3.2 Vulnerable Asset Discovery via Graph Traversal

One of the key motivating use cases of the CRUSOE toolset was large-scale vulnerability assessment [12]. The devices in the network are fingerprinted by Nmap or other common tools that generate output in the form of CPE strings, a structured identification of the system’s vendor, major and minor version, patches, or edition. The same CPE strings can also be found in vulnerability databases to enumerate vulnerable systems or their specific configurations. Thus, there exists a mapping between a description of a vulnerability and a fingerprint of a device, which can be used to infer which and how many devices in the network are vulnerable.

For example, in CRUSOE, the relation can be represented as a path consisting of an edge between a Host and Fingerprint and Fingerprint and CVE, where CVE is a common vulnerability identifier. The nodes and edges in the CRUSOE graph are inserted automatically by tools periodically checking the vulnerability databases and network scanning tools. Figure 2 (B) depicts the use of the Breadth-First Search (BFS) algorithm to query and list potential vulnerabilities and CVEs, for instance, \(V_{1}\), \(V_{2}\), \(V_{3}\), and \(V_{4}\) associated with a recent infection on \(H_{y}\). By extending the query, one can enumerate how many vulnerable hosts are there in each subnet or under the control of a specific administrator. Such a summary was found to be one of the most valuable features of CRUSOE by practitioners [12]. The advantage of the graph-based approach here is the very low complexity of inserting new connections and queries as simple as enumerating neighbours of the neighbouring node.

An elegant graph-based matching of vulnerable configuration was proposed by Tovarňák et al. [31]. Matching the CPE strings of vulnerabilities and device fingerprints are usually done via a brute-force approach. However, doing so on a large scale calls for more efficient algorithms. The authors decompose the CPE strings into a graph model and provide a query to find all matches between vulnerable CVEs and asset configurations in a single graph traversal.
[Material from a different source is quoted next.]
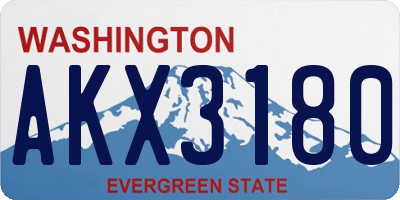 WA license plate AKX3180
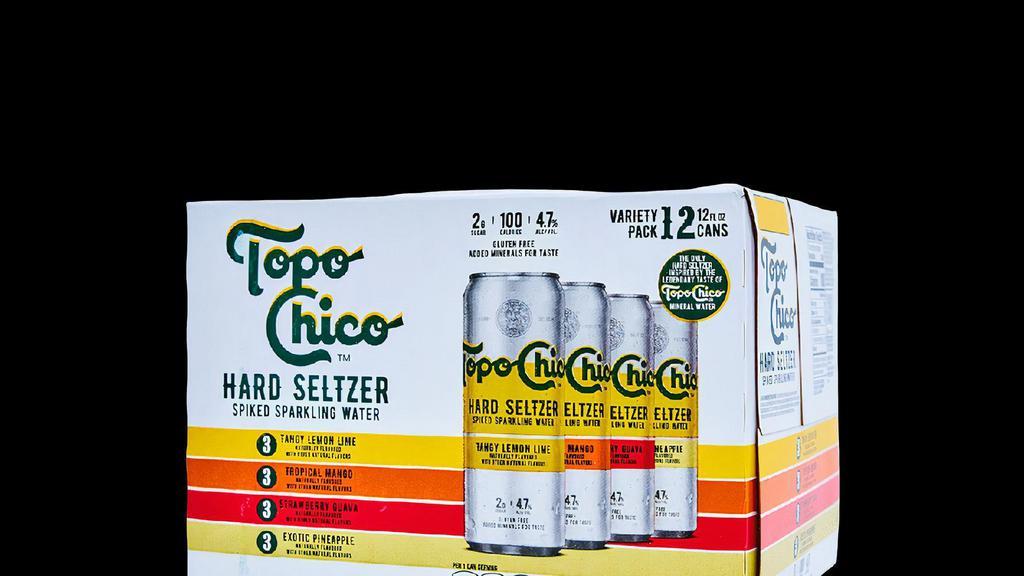 Topo Chico Hard Seltzer Variety Pack 12 pack · Topo Chico Hard Seltzer is the only spiked sparkling water beverage inspired by the legendary taste of Topo Chico Mineral Water. This Topo Chico Hard Seltzer variety pack features four approachable flavors with a unique twist: (3) Strawberry Guava, (3) Tangy Lemon Lime, (3) Exotic Pineapple, and (3) Tropical Mango hard seltzers. With 4.7% ABV, Topo Chico Hard Seltzer combines unique flavors with added minerals for a smooth taste. Try this refreshing gluten-free alcohol drink with 2g of sugar and 100 calories per can. Serve ice-cold 12-ounce cans of Topo Chico Hard Seltzer to catch up with friends at home, on the beach, or around the pool.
3.3 Network Segmentation via Community Detection and FSM

Graph-based analytics can also be used to implement network segmentation and an important strategy to isolate malicious entities from a graph network and ultimately restrict the propagation of potential security threats [33]. Figure 2 (C) depicts a community detection algorithm, namely, the Girvan-Newman algorithm which is used herein to accomplish network segmentation [8]. Specifically, once a community has been identified with an infected host \(H_{z}\), its corresponding network \(N_{1}\) can be isolated by deploying firewalls (or fortifying existing ones) to prevent communication with other communities. As such, this approach can isolate potential security risks and prevent them from spreading throughout the entire network. Additionally, enumerating such communities can help identify and characterize specific vulnerabilities and CVEs associated with the infections.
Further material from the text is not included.